* TASK GOAL: Retype the data below exactly, skipping pictures.

** Opening INFORMATION SHOWN block **

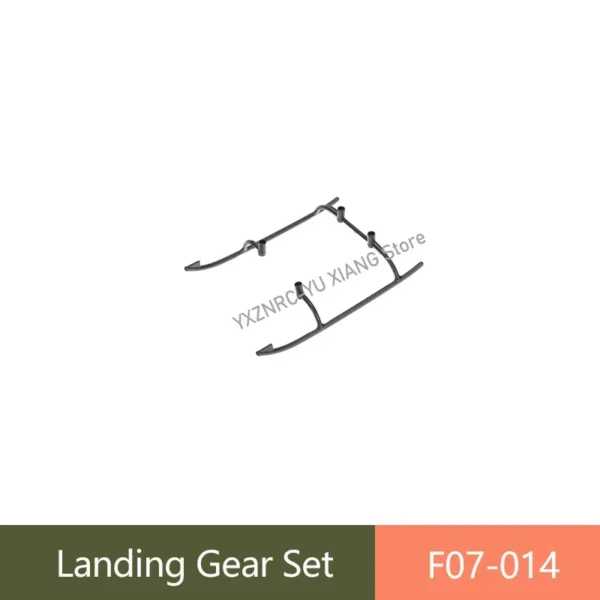 [F07-014] yuxiang F07 1/34 Uh-1 Dual Brushless Helicopter All spare part Motor Servo Rotor Housing Fuselage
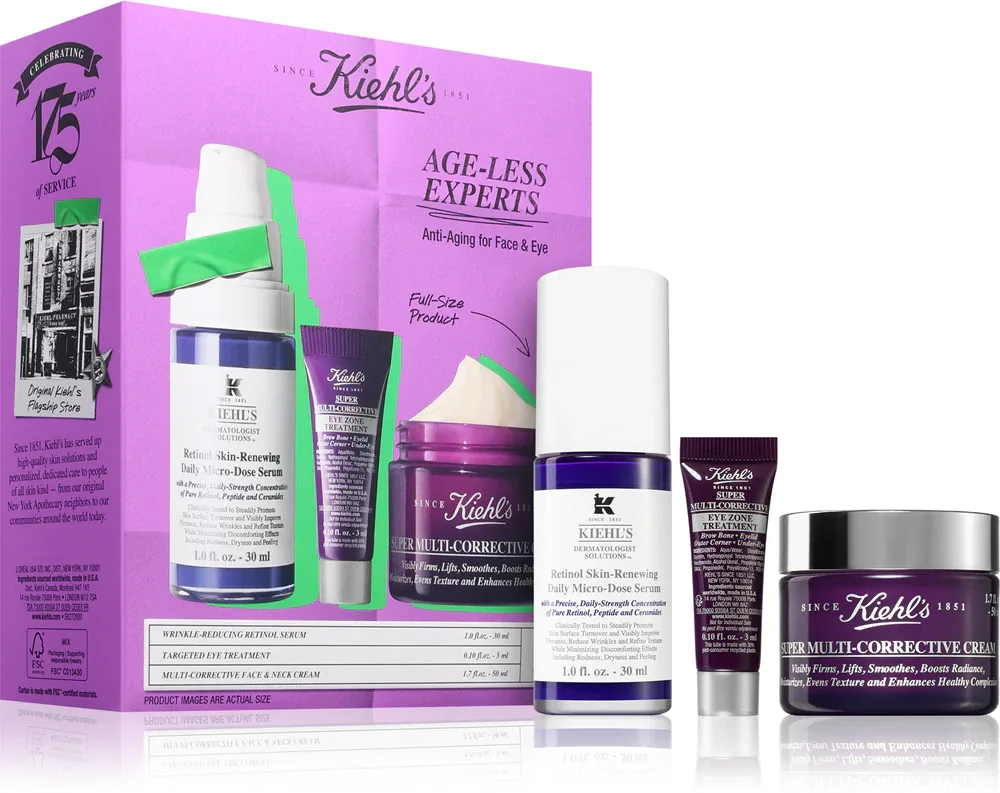 Kiehl's Super Multi-Corrective - Крем для лица для женщин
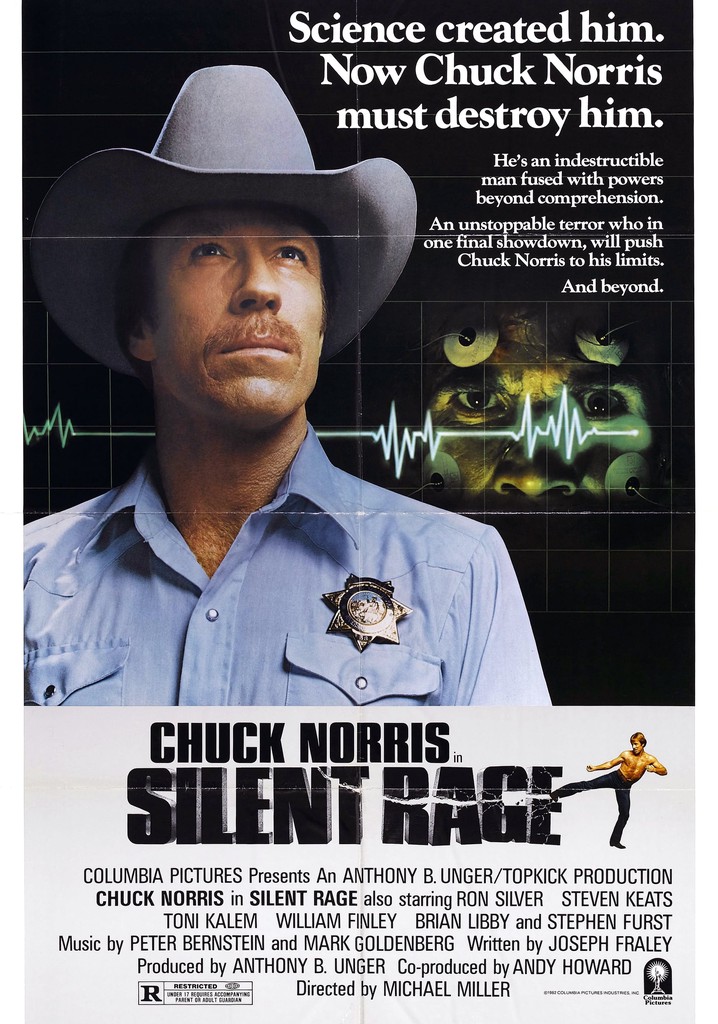 Silent Rage poster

** Closing INFORMATION SHOWN block **

* SOLUTION FOR THIS TASK:
 [F07-014] yuxiang F07 1/34 Uh-1 Dual Brushless Helicopter All spare part Motor Servo Rotor Housing Fuselage
 Kiehl's Super Multi-Corrective - Крем для лица для женщин
 Silent Rage poster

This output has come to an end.